Now, where do you go from there? You’ve got this story making sense of this one [Laughter], you’ve got this story making sense of this one, and the problem is that they’re both very satisfactory to those who hold them. It’s as if, at this point, you’ve got a cricket player saying to a soccer player, “You know why your game is inferior, don’t you. Because you can’t score runs.” Then the soccer player replies to the cricket player, “Yes, I’ve always shirked away from cricket because there are just no goals. There’s no fun without goals.” Both of them are quite happy with the criteria that they’ve got.

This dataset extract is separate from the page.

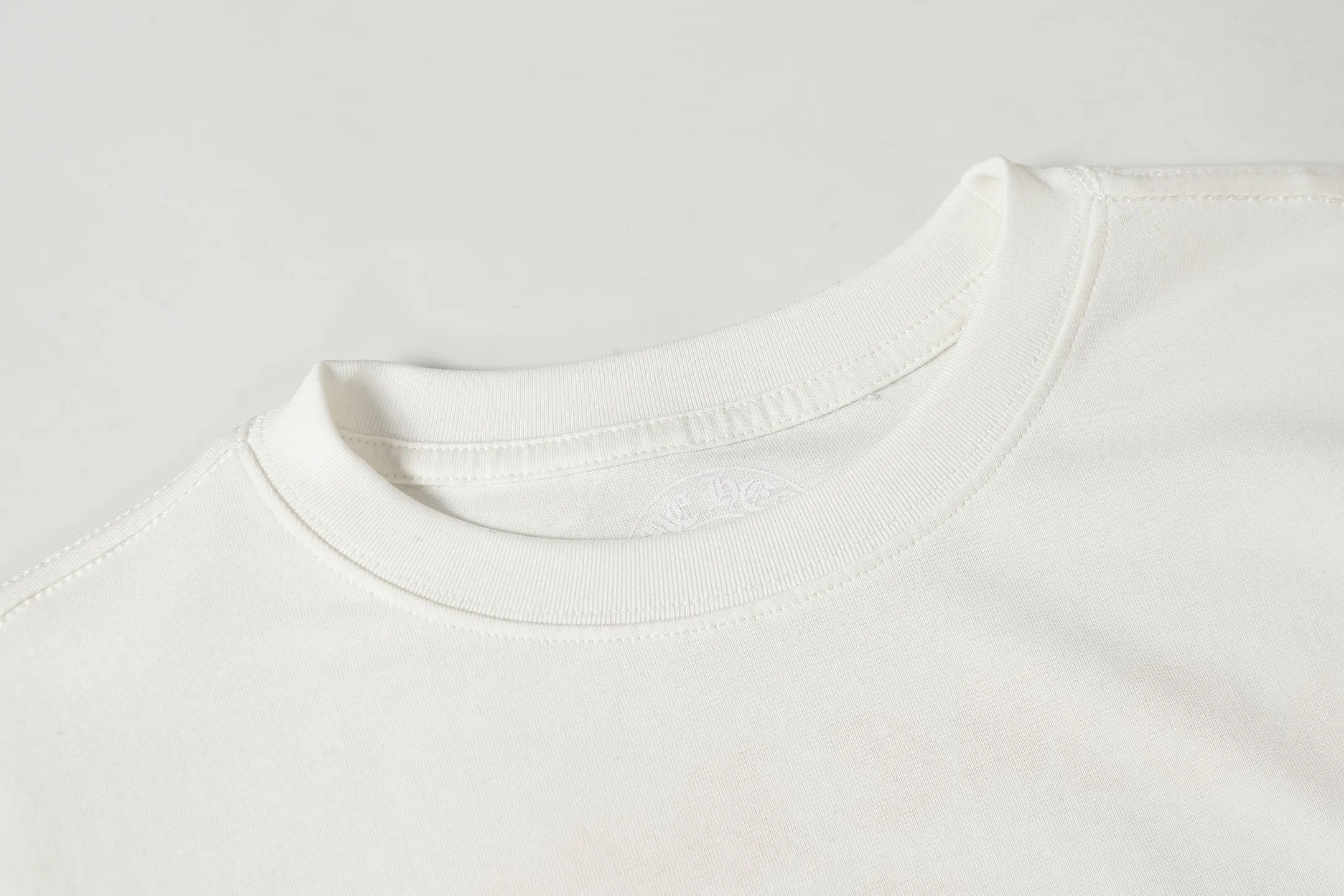 Logo Print Long-Sleeve Pocket T-Shirt D10013495 — view 3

One thing you can do is seek to think in terms of explanatory power: how much of life can these different stories explain, and how much of what it means to be a human being can they explain? They will all, of course, to begin with, say, “All of it! No problem at all.” But as you press into that, sometimes you start to see tension points in some of these stories. This is a caricature of the macro level, but some of them will have no problem explaining human benevolence, but will struggle to explain gratuitous human evil, and some of them will have no problem at all explaining gratuitous human evil [Laughter], but will struggle to explain why human can be really, really nice to each other sometimes, without any selfish motives.
It’s by exploring those limit points of these stories and saying, “Well, actually, let me show you how the Bible explains that”, and it seems to be really rich, multi-faceted and robust, and it seems to be able to explain the whole spread of human life, action and everything we’re capable of doing, that you begin, then, to be able to have a conversation about these different stories in a way that you can’t meaningfully, if you’re just saying, “By my criteria, you’re wrong,” and they say, “By my criteria, you’re wrong” and then you just end up shouting at each other.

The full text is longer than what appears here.